In standard physics, the space and time are continuous, and nothing else. All the physical quantities that are derived from length or angles or time are continuous (this includes quantities like mass and energy, which are derived from time). Besides those, there are no other physical quantities that are continuous.

The mathematical models that assume the continuity of space and time match extremely well any experiments and for now there exists no evidence whatsoever that space and time are not continuous.

Besides the standard physics, there have been a few attempts to create mathematical models of the physical processes where the space and time are discrete. Nevertheless, these mathematical models did not succeed to demonstrate any advantage over the standard models with continuous space and time.

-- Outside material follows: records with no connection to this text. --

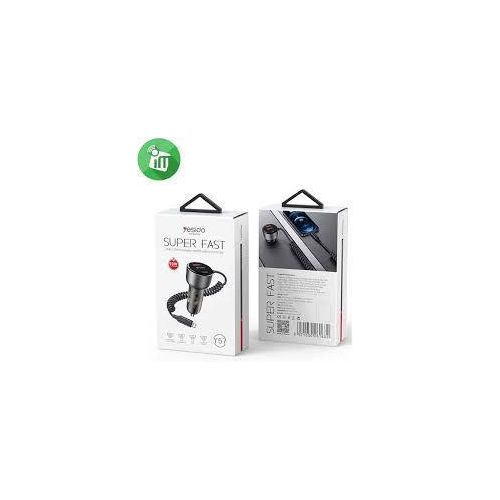 Y57 50W Cell Phone Super Fast Car Charger Included Cigarette Lighter Car Charger with iP Coiled Lightning Cable- Black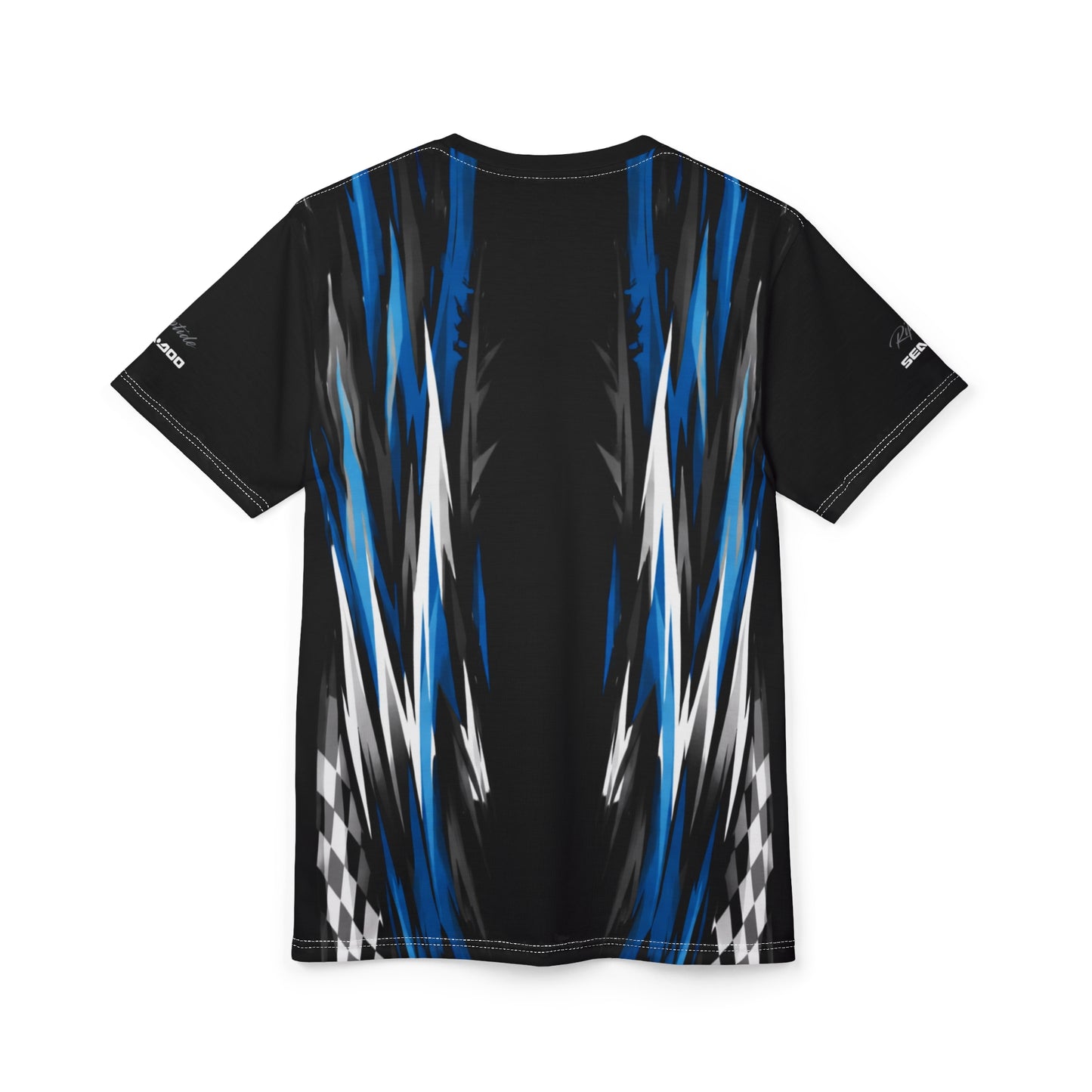 SeaDoo RXT-X Racing Graphic Tee — Gulfstream Blue & Black All-Over Print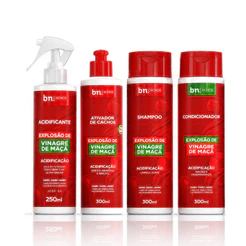 Duo Shampoo e Condicionador + Acidificante + Ativador de Cachos Explosão de Vinagre de Maça 300ml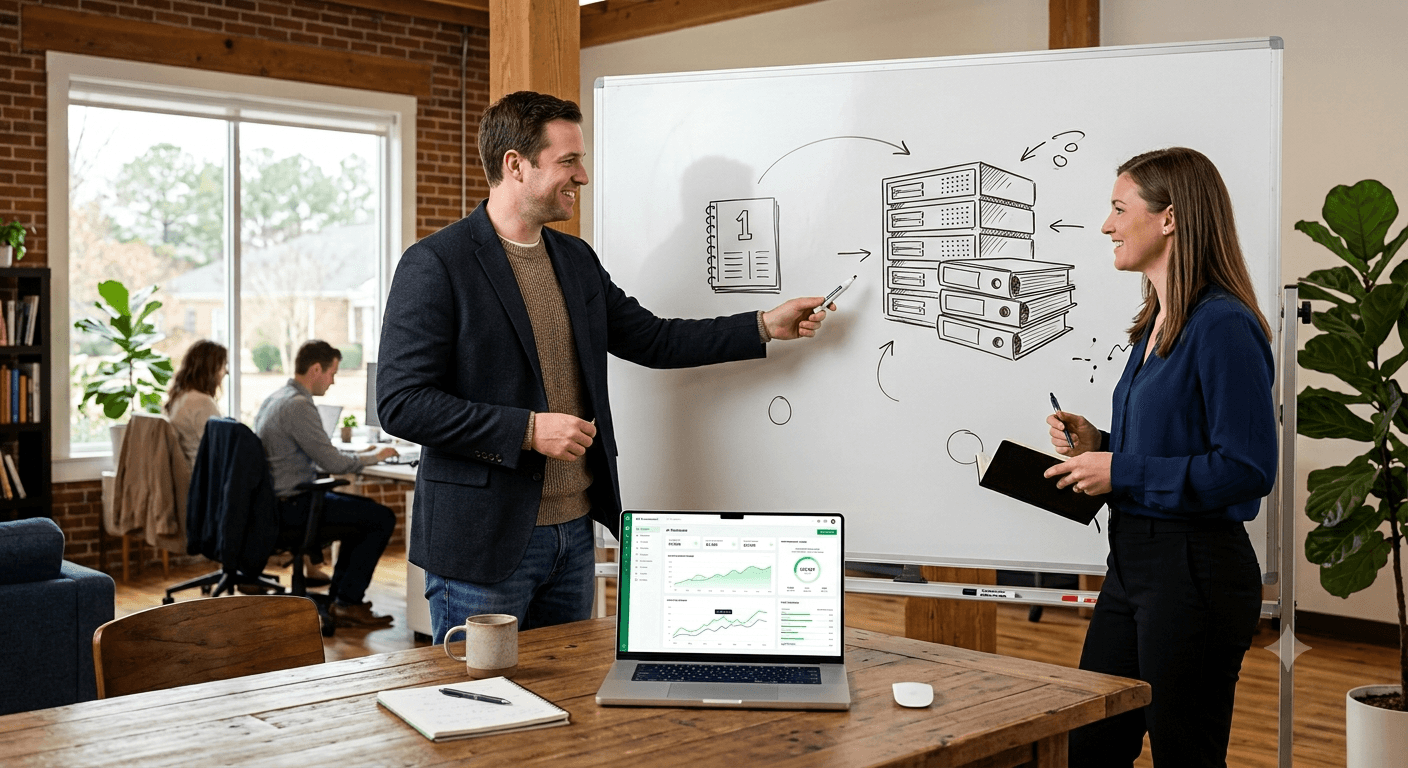 Founder and finance lead comparing QuickBooks and NetSuite options on a whiteboard while an AI finance dashboard runs on a laptop between them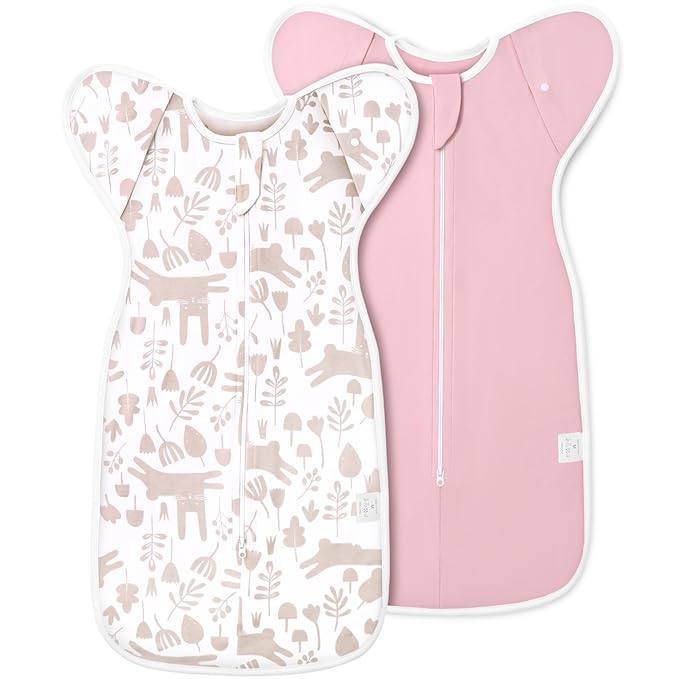 2-Pack Baby Transitional Swaddle Sleep Sack - Arms Up Swaddle 3-6 Months for Baby Girl, Newborn Sleep Sack with Cuff Removable & 2-Way Zipper Design, Pink Bunny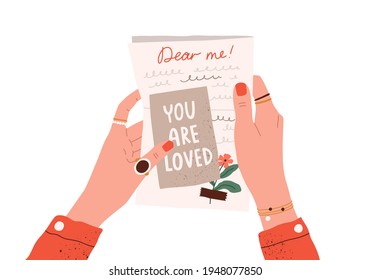 Female hands holding postcard and handwritten love letter to her future self. Woman reading message written in past. Mail to yourself concept. Flat vector illustration isolated on white background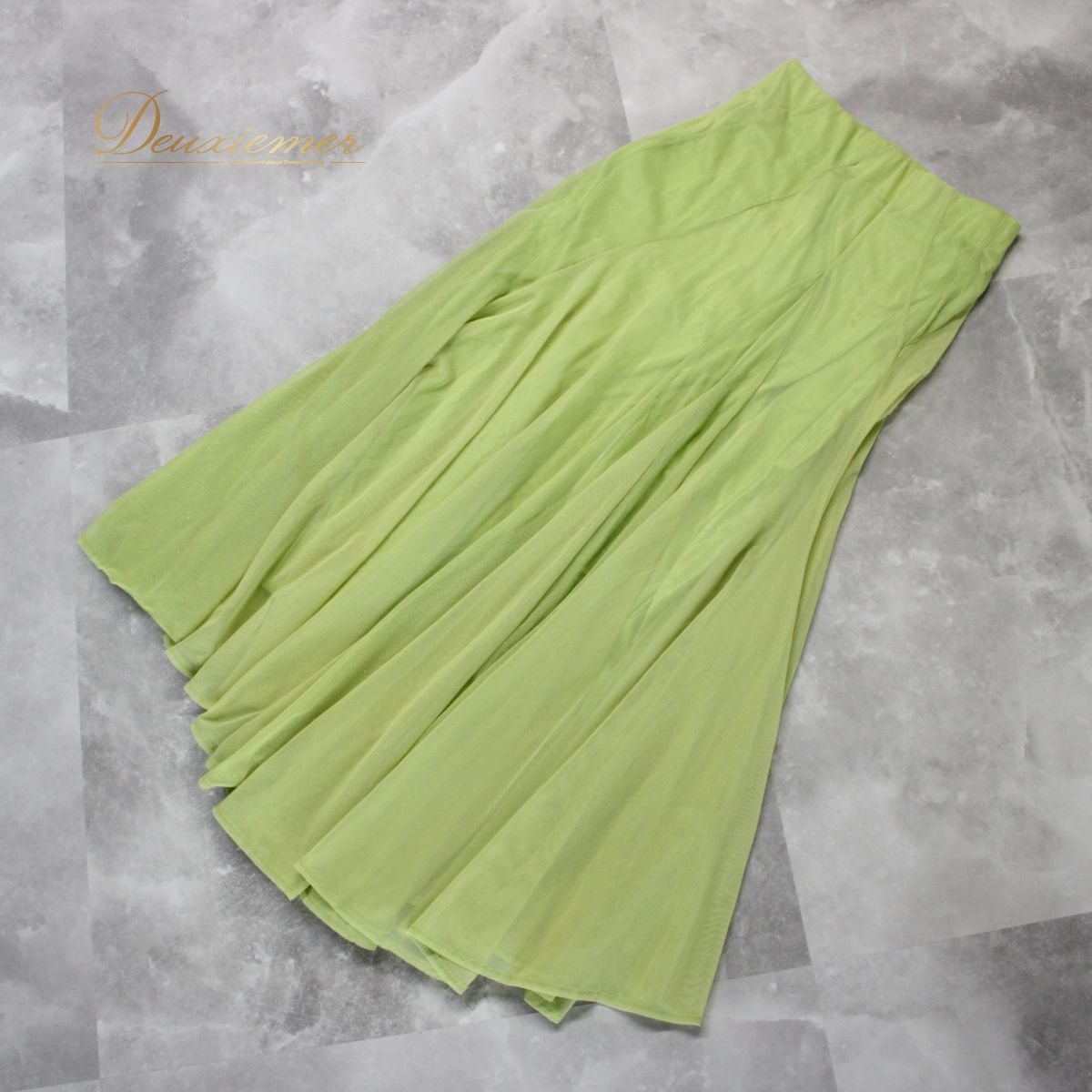 美品 社交ダンス衣装】 グリーン系 黄緑 スカート レッスン パーティー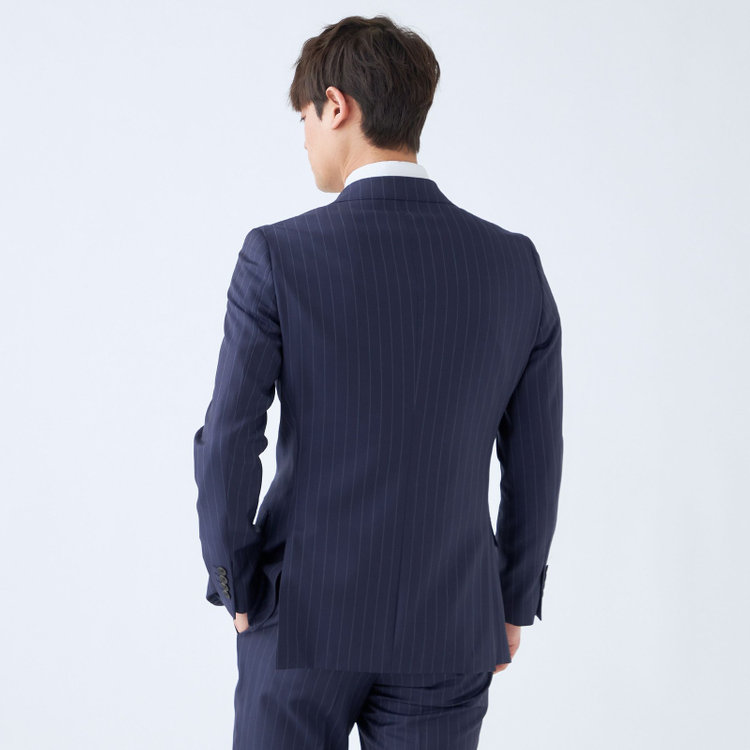 シルバーライン 【CLASSICO TAPERED】【秋冬】2釦シングルスーツ 1タック/ネイビー×ストライプ/CANONICO 1663 fabric made in italy/※裾上げ必要 紺中間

> The continuity of physical processes is not something that can be proved.

I agree with you, but is there any peer-reviewed publication that can be cited? The idea makes sense to me, firstly the Reals \ Inaccessible Reals = Computable Reals, secondly you can't ever input an inaccessible real to an experiment nor retrieve one out of an experiment -- but then I'm not completely certain in making the conclusion that no experiment can be devised which shows that inaccessible reals exist in physical space.

I am concerned about this in the field of complexity analysis of quantum computers too, I think that the use of reals in physics is leading to mathematically correct but non-physical results about complexity theory of quantum computers. Having a paper to point at and say "look, stop assuming your Bloch spheres are backed by uncountable sets, it's leaking non-computable assumptions into your analysis of computation" would be helpful.